The findings determine issues made by the pleadings, and there was evidence to justify them.

It is contended by appellants that the assignment by Dore of the two leases and of his rights under them, if made at all, were made to Lean and not to Richardson. The complaint charges and the court below found that the assignment by Dore of the under-lease and of his rights as lessor, was made actually to defendant Richardson, but in form to defendant Lean-an irresponsible person-for the purpose of depriving plaintiff of the benefit of his covenant, and to avoid the payment by Richardson of the two-thirds of the value, etc. The evidence sustained the finding. The court-clothed with the jurisdiction of a court of equity-having found that Richardson was the real assignee, was empowered to proceed to a judgment in favor of plaintiff upon the covenant.

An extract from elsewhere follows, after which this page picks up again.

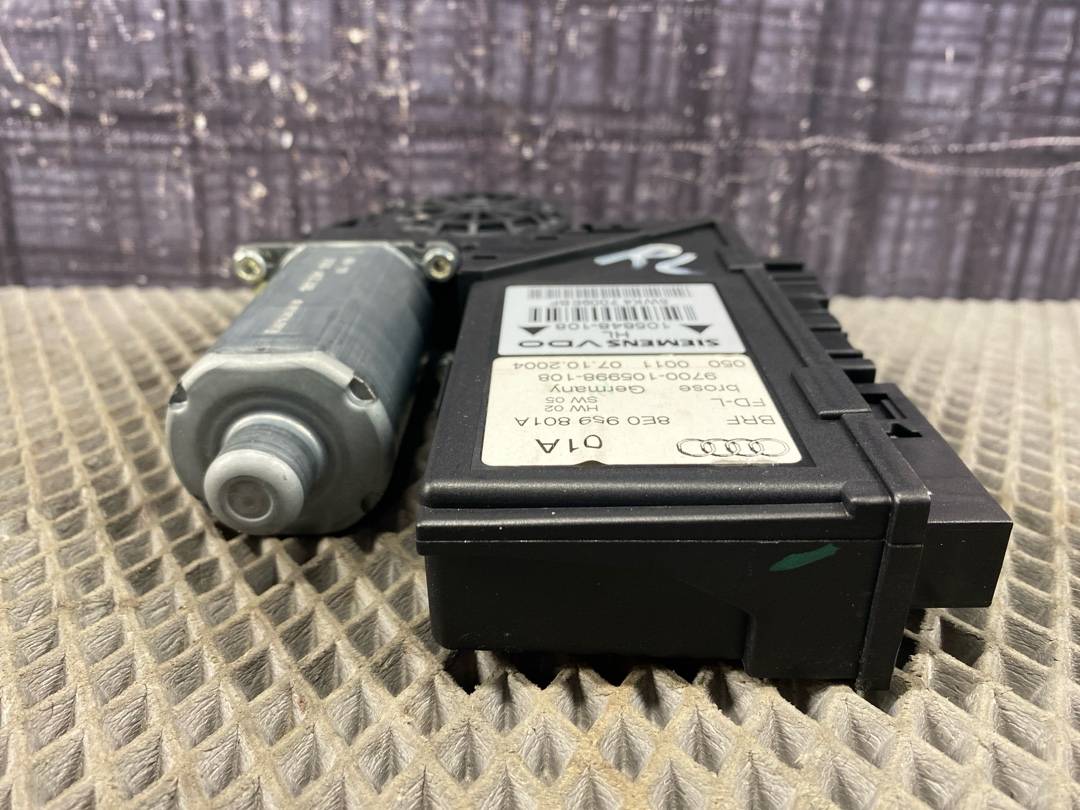 Мотор стеклоподъемника, 1022 рублей, Красноярск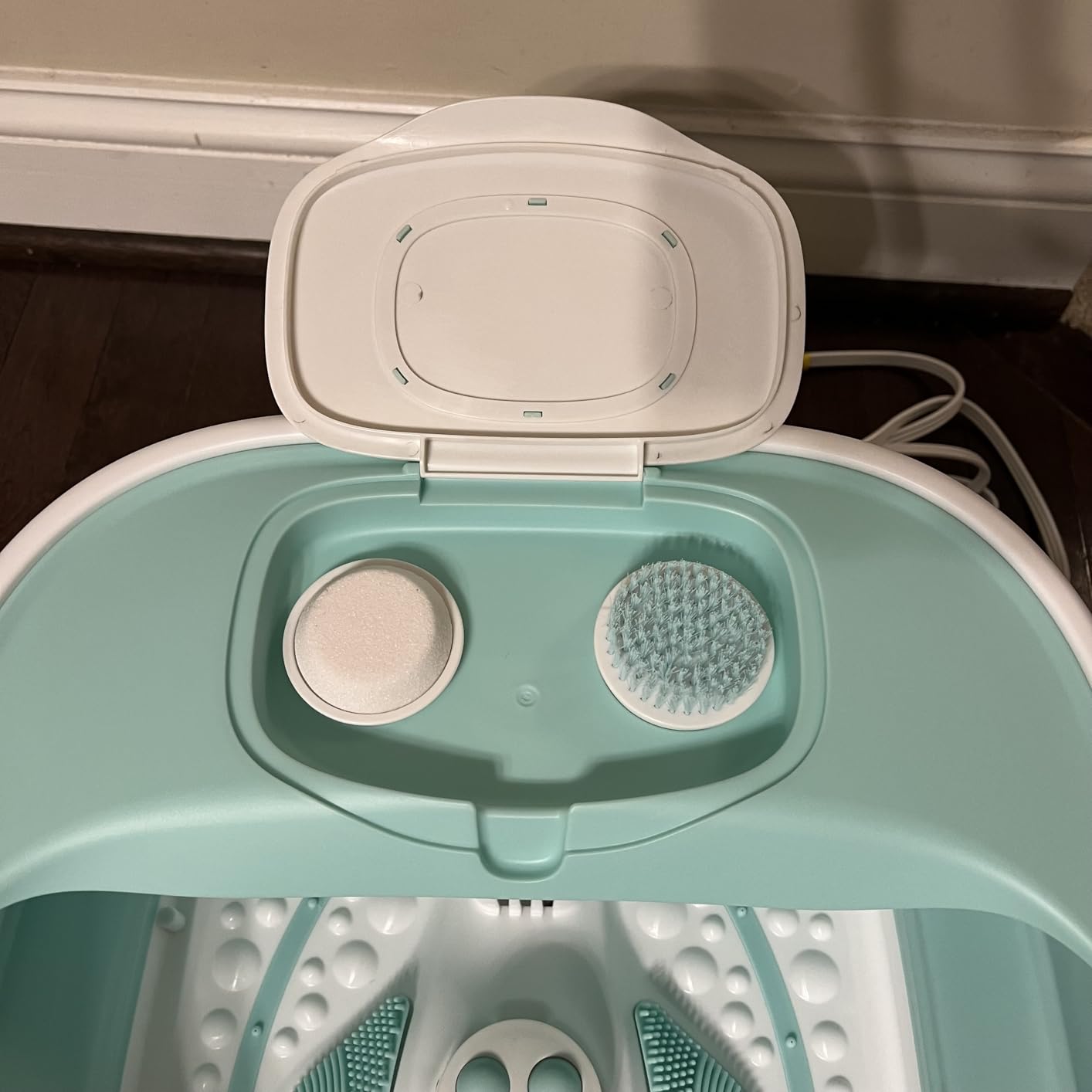 HoMedics Smart Space Elite Footbath with Heat Boost, Collapsible, Invigorating Bubble Massage, 3 Pedicure Attachments, Safe to Use Bath Salts, Patented Safety-Lock System, Ergonomic customer photo 2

Treating Richardson as the assignee of Dore's reversion and of the under-lease, and of Dore's interests therein, there can be no doubt that the covenant (requiring payment of two-thirds of the value of any building, etc.) is binding upon him, since the assignment was made prior to the breach of the covenant, and the covenant was entered into by the parties to the under-lease "for themselves, their heirs, executors, administrators and assigns:" Spencer's case, 5 Rep., 16: Senette v. Anderson, 5 Cow., 407; Thompson v. Rose, 8 Id., 269; Coffin v. Talman, 8 N. Y., 465; 1 Wash. Real Prop., 331.; 2 Rob. Pr., 94; Taylor's L. and T., 260.